Despite the evidence of their own eyes, and the '19 separate steps of checking and auditing by ParkingEye personnel' nobody seems to have picked this up.

Rachel Ledson , Head of Legal, also failed to pick this up during her careful scrutiny of the case prior to filing legal action.

Despite the defendant pointing out the error of their ways, ParkingEye's legal team declined to cancel the claim, stating 'There is no evidence to support the defendant's claim they did not park in this car park.' and 'ParkingEye ensure that the landowner has all the relevant planning permission before we install ANPR cameras on site.'

It was only when The Prankster intervened that ParkingEye finally backed down. Perhaps the 8 witness statements from the landlord, waitresses and customers also helped. Perhaps it was the photographs, maps, or land registry plans. Perhaps the threat to report Rachel Ledson to the Solicitor's Regulatory Authority for continuing to pursue a case when there was no reasonable cause of action also contributed. Who knows.

Sadly this is not an isolated case and The Prankster is aware of several other ParkingEye car parks where the ANPR cameras do not cover all potential entrances and exits. If you are aware of such an ANPR controlled car park run by any parking company, please contact the Prankster so he can add it to his files.

You should also consider reporting the operator to the British Parking Association Limited for running and ANPR controlled car park where not all entrances and exists are covered by camera.

Happy Parking

The Parking Prankster

Sunday, 2 February 2014

The Prankster Unredacts

Previously The Parking Prankster redacted some information regarding job titles at the request of ParkingEye. The Prankster has now reconsidered that decision, and it is his opinion that this information is in the public interest and is published in his accordance with his article 10 rights.

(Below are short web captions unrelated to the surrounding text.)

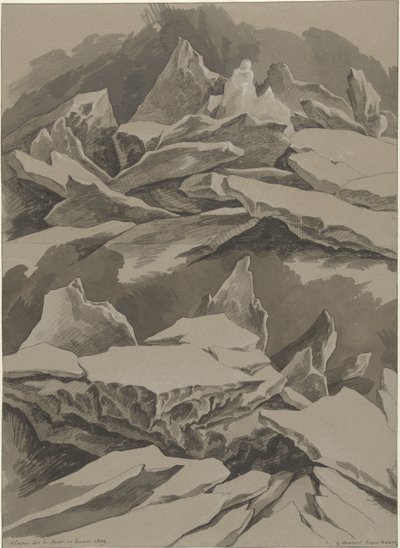 Ledové kry na Maas, leden 1809 Glaçons sur la Meuse en Janvier 1809 (název na objektu) od David Pièrre Giottino Humbert de Superville (signed by artist)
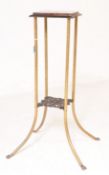 VICTORIAN BRASS & MAHOGANY JARDINIERE TORCHERE PLANT STAND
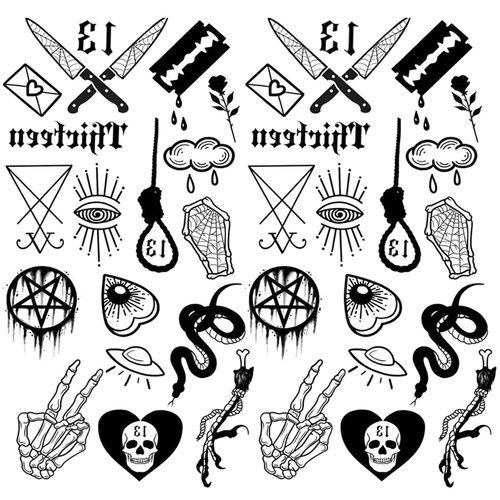 Oottati 2 Sheets Small Tiny Temporary Tattoo Stickers Black Finger Heart Eye Skull Bone Totem Snake Knife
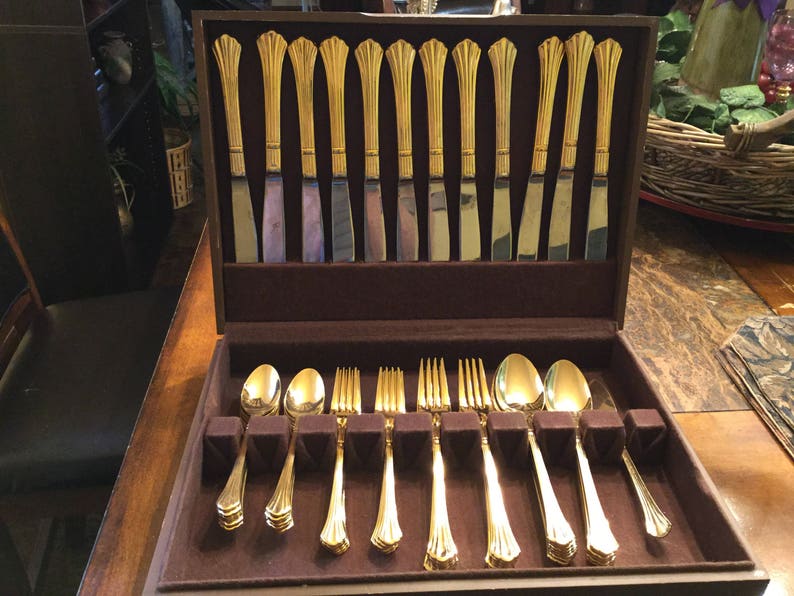 Retronue Korea gold flatware Etsy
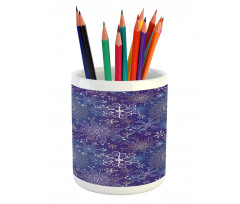 Snowflakes Xmas Art Pencil Pen Holder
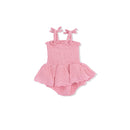 Organic Smocked Muslin Bubble with Skirt- Poignant Pink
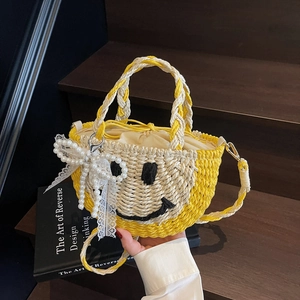 Women Handwoven Straw Bucket Bag Small Cute Smiley Face Beach Bag With Artificial Pearl Lace Bow Charm Crossbody Handbag For Summer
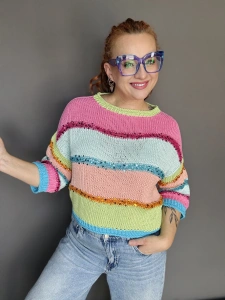 Wzór dziewiarski na druty sweter Cotton Riot Sweater autorstwa Mysh  
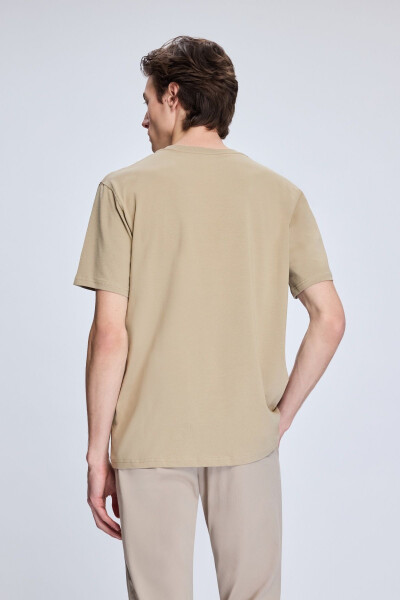 Beige Regular Fit Crew Neck Cotton Knitted T-Shirt - 5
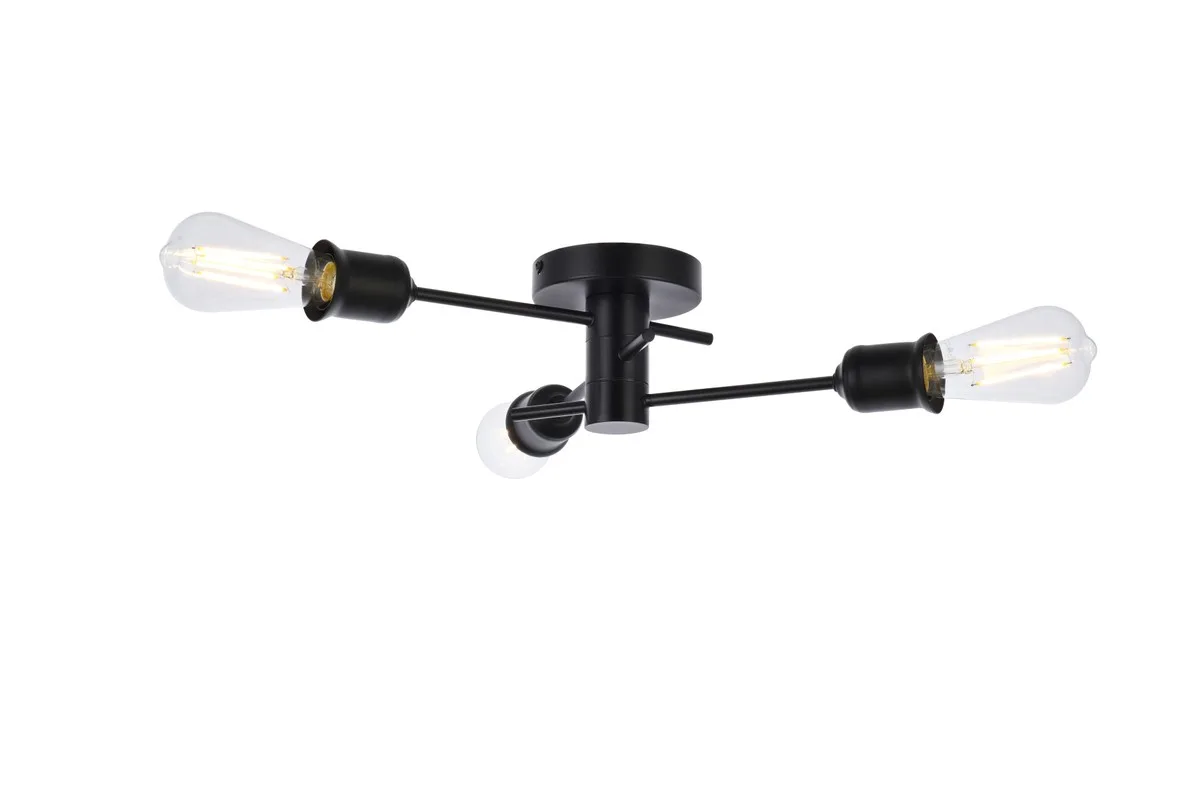 Xavier Three Light Flush Mount in Black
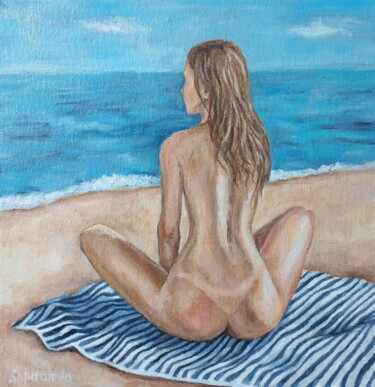 Painting titled "On the coast" by Liliia Shpitaleva, Original Artwork, Oil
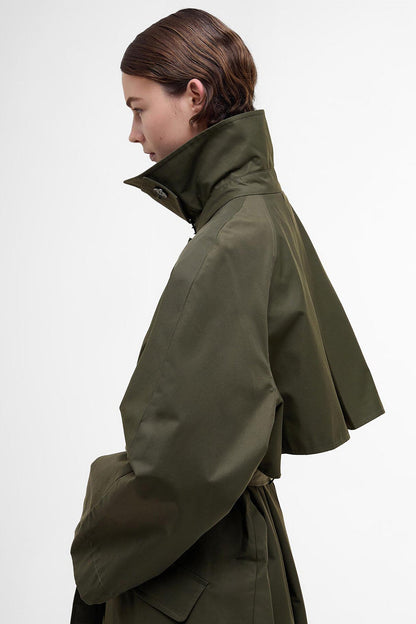 The Edit by Alexa Harley Showerproof Trench Coat - HIGHLAND OLIVE/SAND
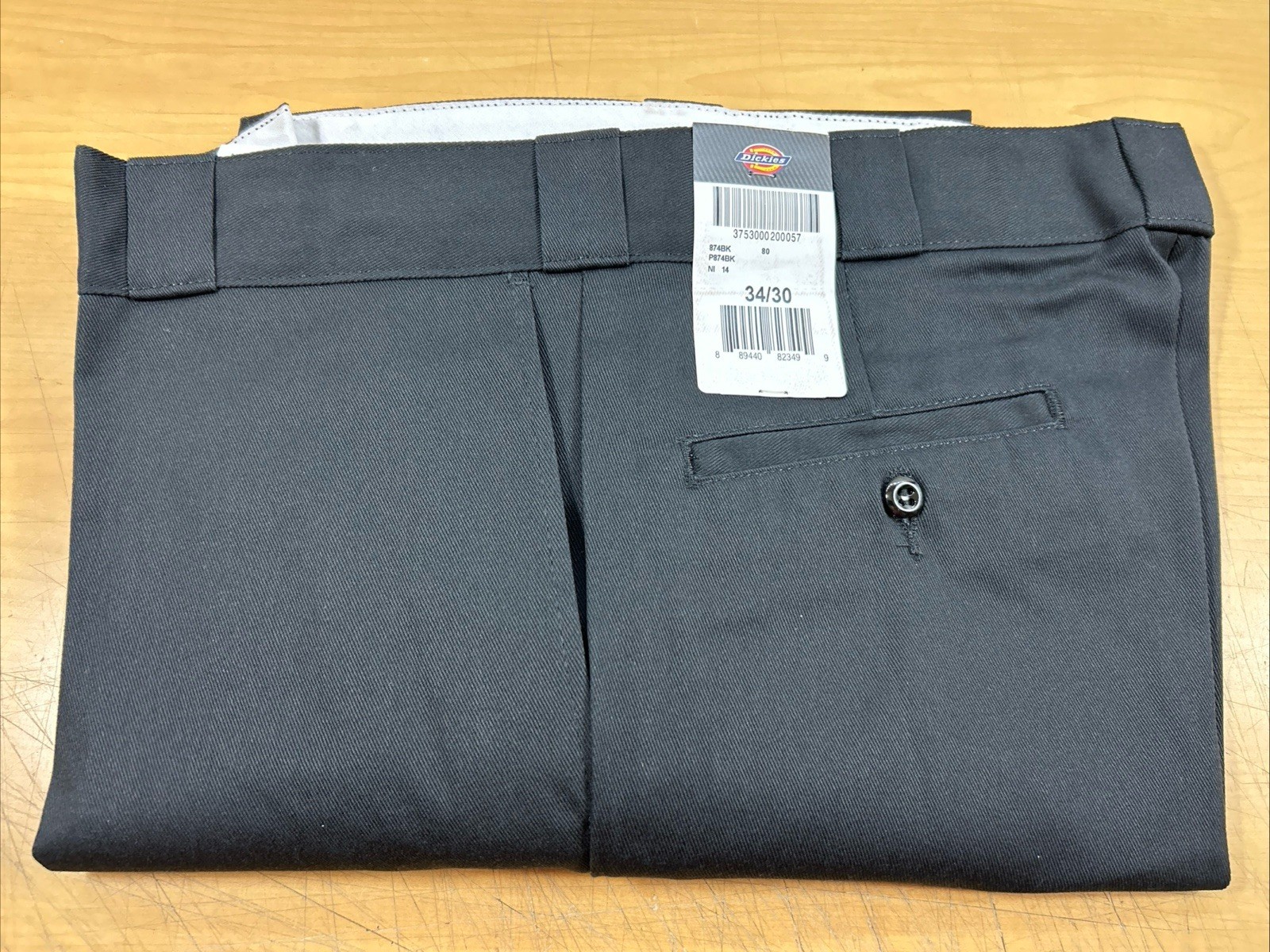 Dickies Men’s 874 Black Pants 34/30 Classic Original Fit Straight Leg (6506)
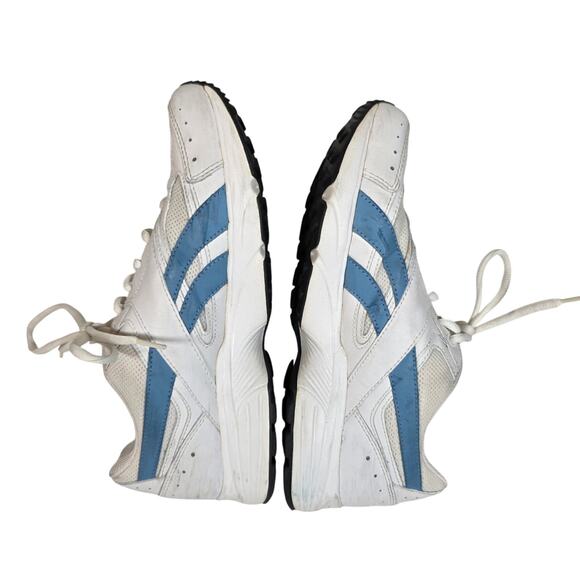 Reebok White Leather Women's 8 Athletic Shoes Blue Accents RB 409PYE Sneakers - Picture 5 of 10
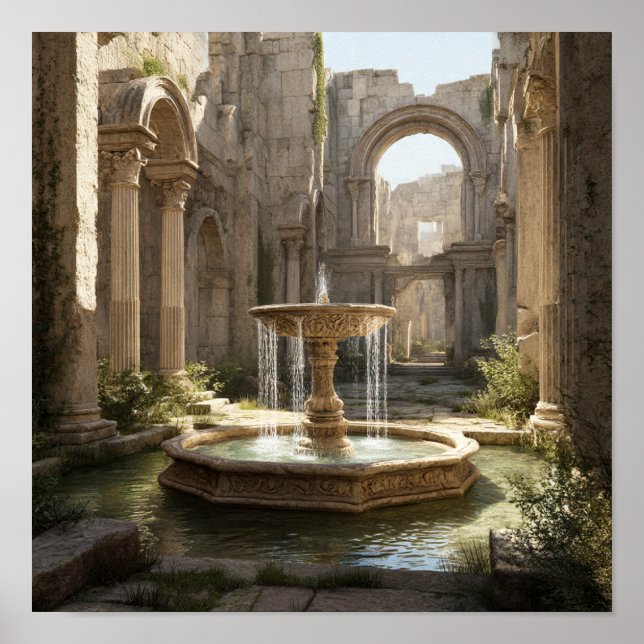 Grand Roman Ruin Courtyard med Ornate Fontän Poster (Framsidan)
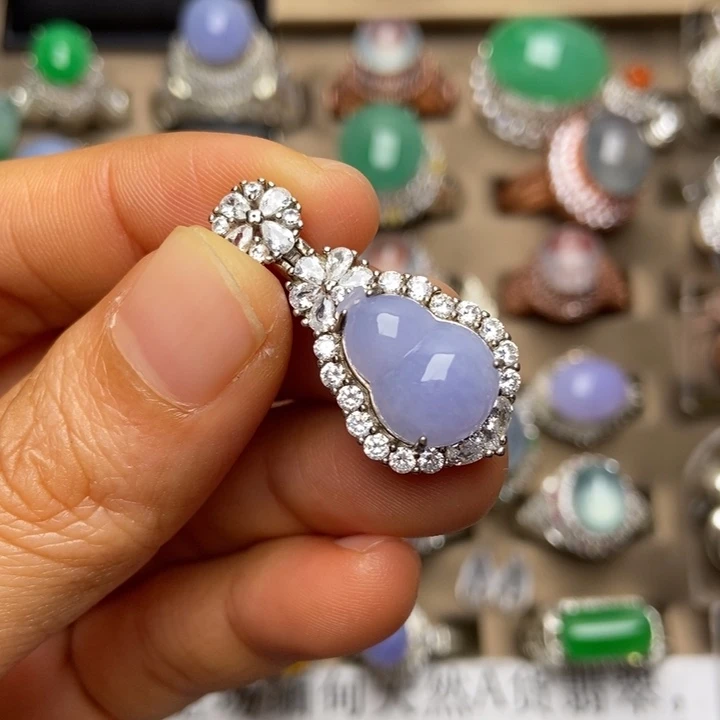 翡翠合金戒指翡翠糯种紫葫芦吊坠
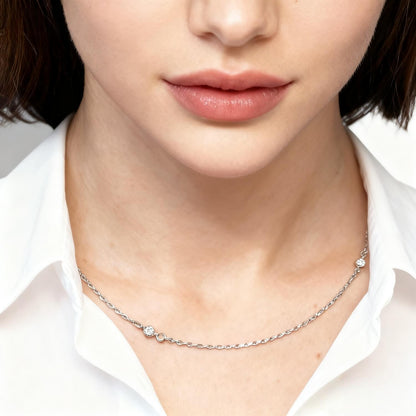Cross Chain Necklace With Zircon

As ParkingEye are regularly in the habit of making untrue statements in court regarding their pre-estimate of loss calculations, The Prankster considers it is in the public interest to know just how many ParkingEye employees are involved with ticketing, and how many employees have jobs which cannot be included in any pre-estimate of loss calculation. ParkingEye regularly state that the cost per ticket issued to them is £53, while their own accounts show it can be a maximum of £16. The job titles further show that this maximum of £16 will in reality translate to a true figure of somewhere between £5 and £10.

The Prankster gave ample notice of his intention to unredact to ParkingEye, who chose not to object, and therefore to implicitly agree with the contents of his letter, stating that false claims had been made to the court and so on.